Stored items:
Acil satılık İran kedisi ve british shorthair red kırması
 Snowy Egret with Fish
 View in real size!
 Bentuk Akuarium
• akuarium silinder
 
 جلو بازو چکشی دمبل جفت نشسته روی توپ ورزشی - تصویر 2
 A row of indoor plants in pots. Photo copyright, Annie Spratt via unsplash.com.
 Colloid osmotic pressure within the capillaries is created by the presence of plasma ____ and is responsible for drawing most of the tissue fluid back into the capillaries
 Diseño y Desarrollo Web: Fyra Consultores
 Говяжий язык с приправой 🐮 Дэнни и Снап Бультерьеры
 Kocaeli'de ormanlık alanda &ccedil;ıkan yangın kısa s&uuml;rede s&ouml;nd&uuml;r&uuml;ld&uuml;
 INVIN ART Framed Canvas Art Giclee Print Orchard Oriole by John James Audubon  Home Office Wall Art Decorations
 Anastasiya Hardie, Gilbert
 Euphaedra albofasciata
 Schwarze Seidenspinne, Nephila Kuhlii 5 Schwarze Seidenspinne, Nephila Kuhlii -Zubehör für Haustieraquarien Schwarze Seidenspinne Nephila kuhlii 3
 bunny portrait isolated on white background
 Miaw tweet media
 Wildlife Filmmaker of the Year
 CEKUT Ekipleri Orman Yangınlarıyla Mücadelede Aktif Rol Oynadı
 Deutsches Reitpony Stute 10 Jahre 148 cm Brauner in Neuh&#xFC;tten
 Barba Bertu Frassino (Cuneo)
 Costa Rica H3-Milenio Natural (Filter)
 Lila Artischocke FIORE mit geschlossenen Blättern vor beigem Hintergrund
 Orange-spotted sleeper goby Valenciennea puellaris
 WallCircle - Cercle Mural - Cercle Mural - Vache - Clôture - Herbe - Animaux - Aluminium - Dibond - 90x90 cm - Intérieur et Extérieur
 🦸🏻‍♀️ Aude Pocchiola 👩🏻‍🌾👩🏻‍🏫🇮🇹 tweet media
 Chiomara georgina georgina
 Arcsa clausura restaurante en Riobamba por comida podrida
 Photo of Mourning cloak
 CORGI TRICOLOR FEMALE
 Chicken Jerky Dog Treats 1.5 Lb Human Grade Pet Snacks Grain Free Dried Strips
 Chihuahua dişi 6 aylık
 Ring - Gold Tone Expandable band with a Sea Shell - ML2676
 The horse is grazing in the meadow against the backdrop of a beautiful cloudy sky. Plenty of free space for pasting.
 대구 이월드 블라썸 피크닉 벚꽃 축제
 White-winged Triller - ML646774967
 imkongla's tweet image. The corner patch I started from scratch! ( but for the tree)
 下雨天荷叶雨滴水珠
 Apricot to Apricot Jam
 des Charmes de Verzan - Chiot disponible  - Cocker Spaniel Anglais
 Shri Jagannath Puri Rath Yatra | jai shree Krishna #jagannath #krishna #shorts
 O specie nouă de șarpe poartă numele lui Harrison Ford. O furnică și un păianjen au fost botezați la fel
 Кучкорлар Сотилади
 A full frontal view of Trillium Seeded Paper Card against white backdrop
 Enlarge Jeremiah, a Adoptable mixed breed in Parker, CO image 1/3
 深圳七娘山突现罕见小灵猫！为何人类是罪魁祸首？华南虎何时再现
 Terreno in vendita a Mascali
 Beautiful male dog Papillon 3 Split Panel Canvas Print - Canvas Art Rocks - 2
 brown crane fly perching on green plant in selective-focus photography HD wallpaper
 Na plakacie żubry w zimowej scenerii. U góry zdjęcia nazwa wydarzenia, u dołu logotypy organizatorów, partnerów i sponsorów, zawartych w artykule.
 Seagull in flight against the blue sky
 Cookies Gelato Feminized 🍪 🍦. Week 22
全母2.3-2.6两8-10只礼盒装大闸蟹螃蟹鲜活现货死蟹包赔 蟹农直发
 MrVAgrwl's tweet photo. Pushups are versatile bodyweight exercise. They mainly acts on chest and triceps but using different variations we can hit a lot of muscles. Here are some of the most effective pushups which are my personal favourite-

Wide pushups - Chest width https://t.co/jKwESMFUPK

» **YOUR TASK**
From the first line of the records above down to the line containing "Euphaedra albofasciata", repeat each line exactly as written. Include both of those lines and add nothing.

» **RESPONSE BOX**
Acil satılık İran kedisi ve british shorthair red kırması
 Snowy Egret with Fish
 View in real size!
 Bentuk Akuarium
• akuarium silinder
 
 جلو بازو چکشی دمبل جفت نشسته روی توپ ورزشی - تصویر 2
 A row of indoor plants in pots. Photo copyright, Annie Spratt via unsplash.com.
 Colloid osmotic pressure within the capillaries is created by the presence of plasma ____ and is responsible for drawing most of the tissue fluid back into the capillaries
 Diseño y Desarrollo Web: Fyra Consultores
 Говяжий язык с приправой 🐮 Дэнни и Снап Бультерьеры
 Kocaeli'de ormanlık alanda &ccedil;ıkan yangın kısa s&uuml;rede s&ouml;nd&uuml;r&uuml;ld&uuml;
 INVIN ART Framed Canvas Art Giclee Print Orchard Oriole by John James Audubon  Home Office Wall Art Decorations
 Anastasiya Hardie, Gilbert
 Euphaedra albofasciata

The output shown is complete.